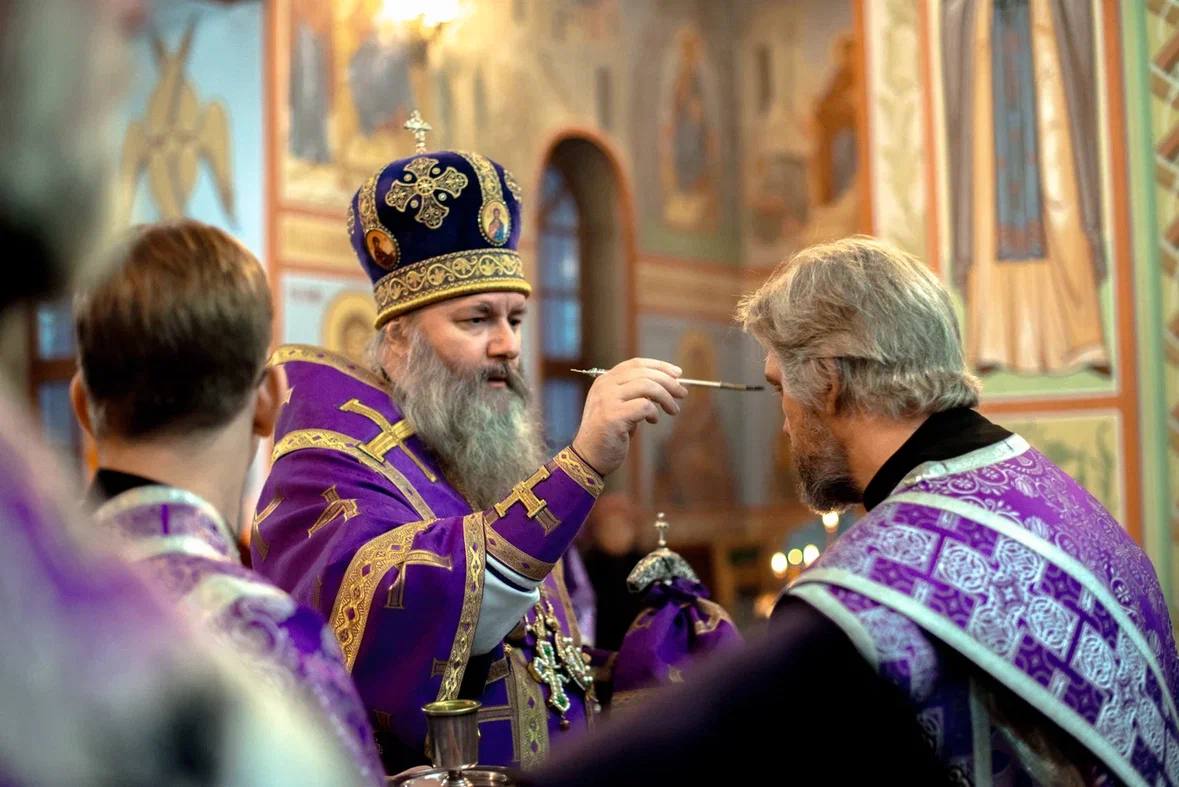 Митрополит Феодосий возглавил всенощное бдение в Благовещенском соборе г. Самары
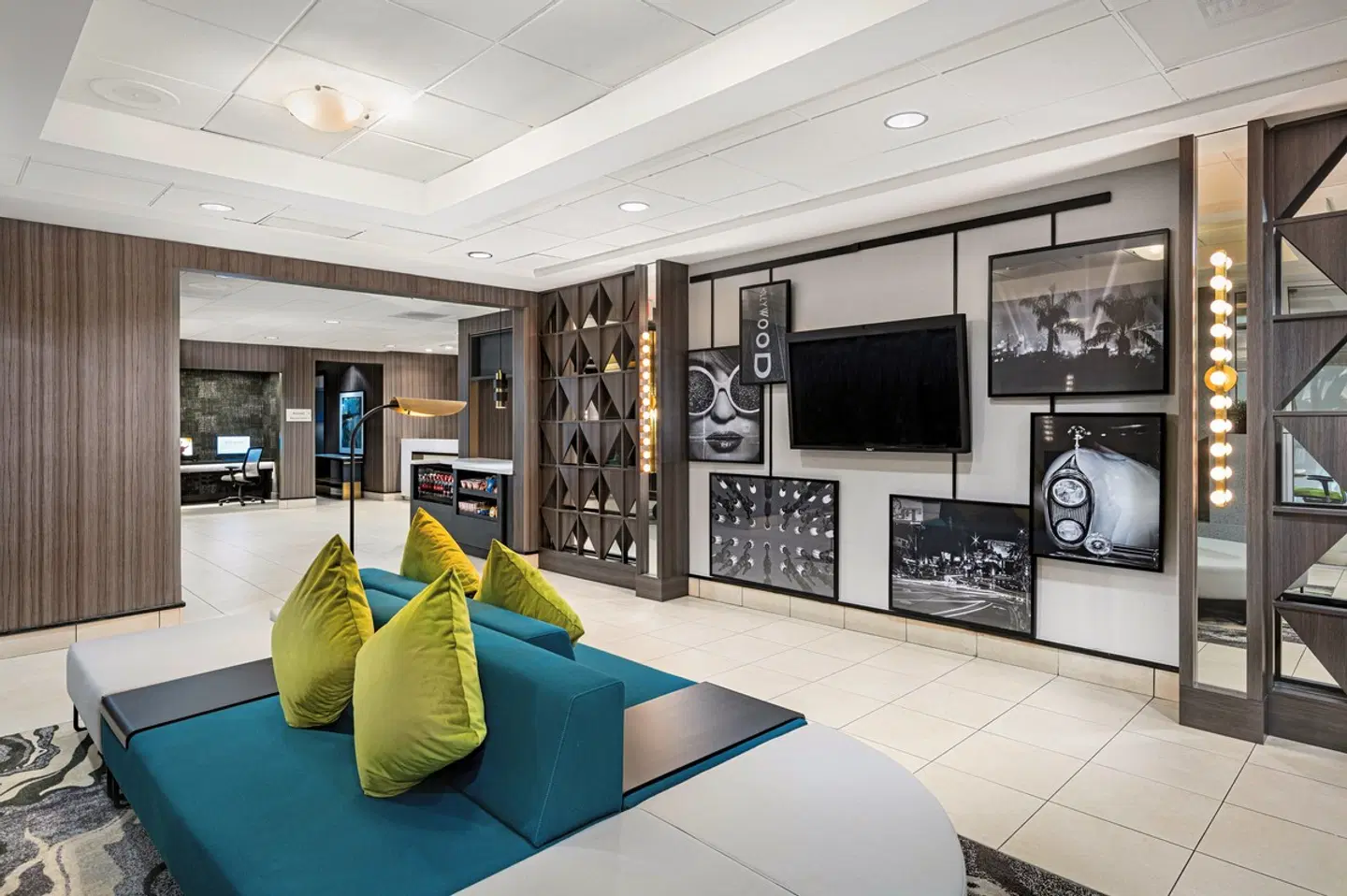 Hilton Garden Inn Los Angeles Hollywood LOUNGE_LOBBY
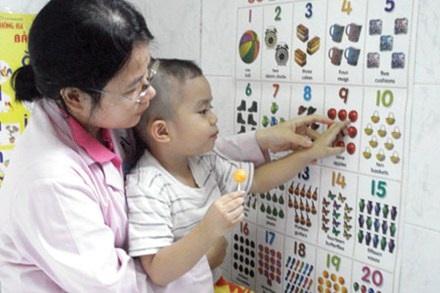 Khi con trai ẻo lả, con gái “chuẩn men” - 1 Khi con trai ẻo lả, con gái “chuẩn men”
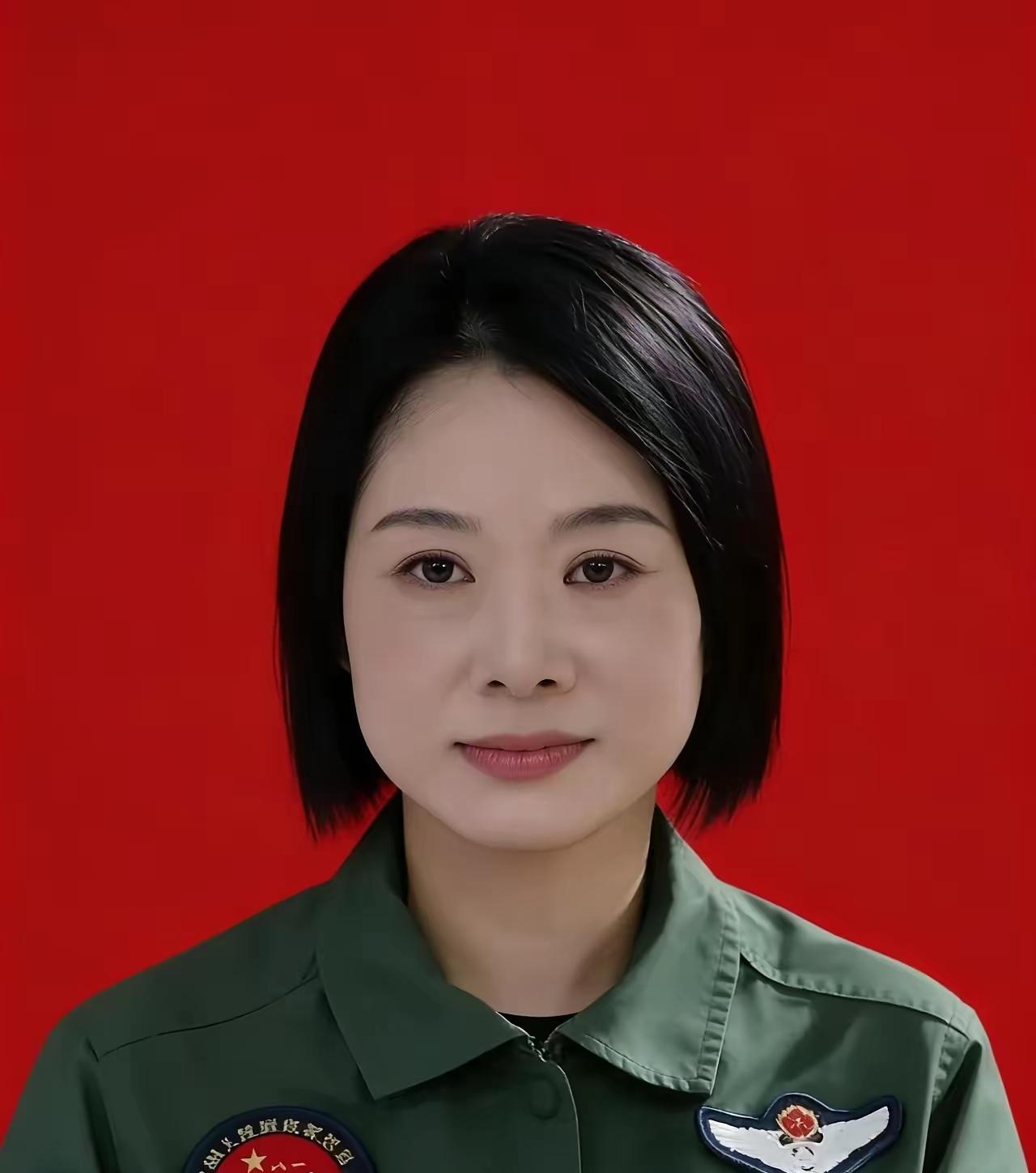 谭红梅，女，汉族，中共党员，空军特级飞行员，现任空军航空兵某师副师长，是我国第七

• [Activity]: Every line of the listing should be repeated exactly; no picture should appear.

• [Response below]:
 Митрополит Феодосий возглавил всенощное бдение в Благовещенском соборе г. Самары
 Hilton Garden Inn Los Angeles Hollywood LOUNGE_LOBBY
 Khi con trai ẻo lả, con gái “chuẩn men” - 1 Khi con trai ẻo lả, con gái “chuẩn men”
 谭红梅，女，汉族，中共党员，空军特级飞行员，现任空军航空兵某师副师长，是我国第七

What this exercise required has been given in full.